5

I am not able to set a seed value to get reproducible results from parallelSVM().

 library(e1071)
 library(parallelSVM)

 data(iris)
 x <- subset(iris, select = -Species)
 y <- iris$Species

set.seed(1)
model       <- parallelSVM(x, y)
parallelPredictions <- predict(model, x)

set.seed(1)
model2       <- parallelSVM(x, y)
parallelPredictions2 <- predict(model2, x)

all.equal(parallelPredictions,parallelPredictions2) 

I know that this is not the right way to set a seed value for multicore operations, but I have no clue what to do alternatively.

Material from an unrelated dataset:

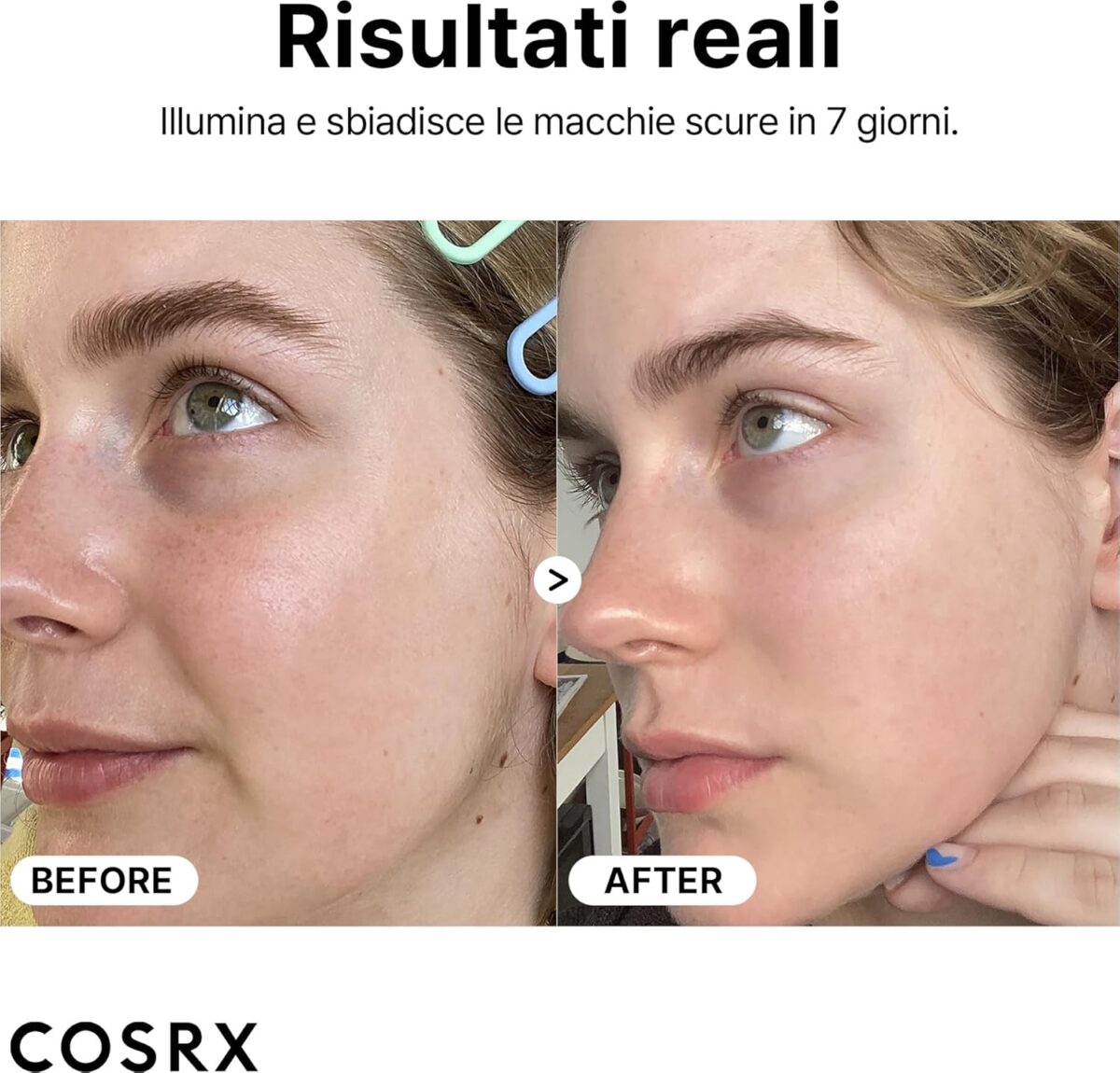 Risultati - Prima e Dopo - COSRX Siero di vitamina C pura al 23% - Vitamina E - Acido Ialuronico, 20 g COSRX - The Vitamin C 23 Serum 20g – Siero viso - immagine 7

I know there is an option, when using mclapply, but that does not help in my situation.


Edit:
I have found a solution by changing the function trainSample() within the parallelSVM with a trace and the doRNG package for seeds with the foreach loop.

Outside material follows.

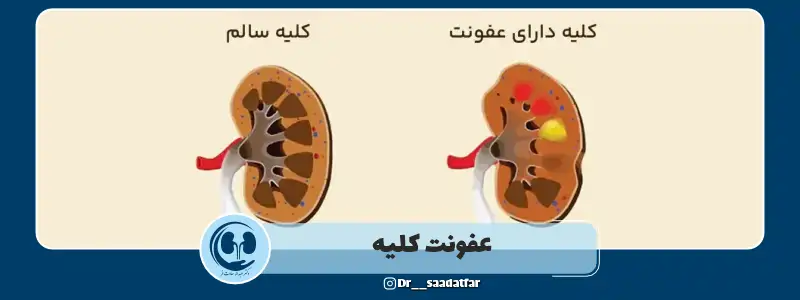 عکس عفونت کلیه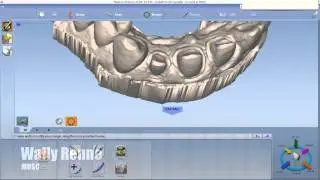Planscan E4D CAD/CAM Case Planmeca FIT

Does anybody know a better solution?

user3666197
  • 1
  • 6
  • 50
  • 92
Mirko
  • 89
  • 5

1 Answers1

2

In short, there is no implemented method in parallelSVM to handle this issue. However the package uses the foreach and doParallel packages to handle it's parallel operations. And digging hard enough on stackoverflow a solution is possible!

Credits to this answer, on the usage of the doRNG package, and this answer for giving me an idea for a simpler enclosed solution.

Solution:

In the parallelSVM package the parallelization happens through the parallelSVM::registerCores functions. This function simply calls doParallel::registerDoParallel with the number of cores, and no further arguments. My idea is simply to change the parallelSVM::registerCores function, such that it automatically sets the seed at after creating a new cluster.

When performing parallel computation, in which you need a parallel seed, there are 2 things you need to ensure

  1. The seed needs to be given to each node in the cluster
  2. The generator needs to be one that is asymptotically random across clusters.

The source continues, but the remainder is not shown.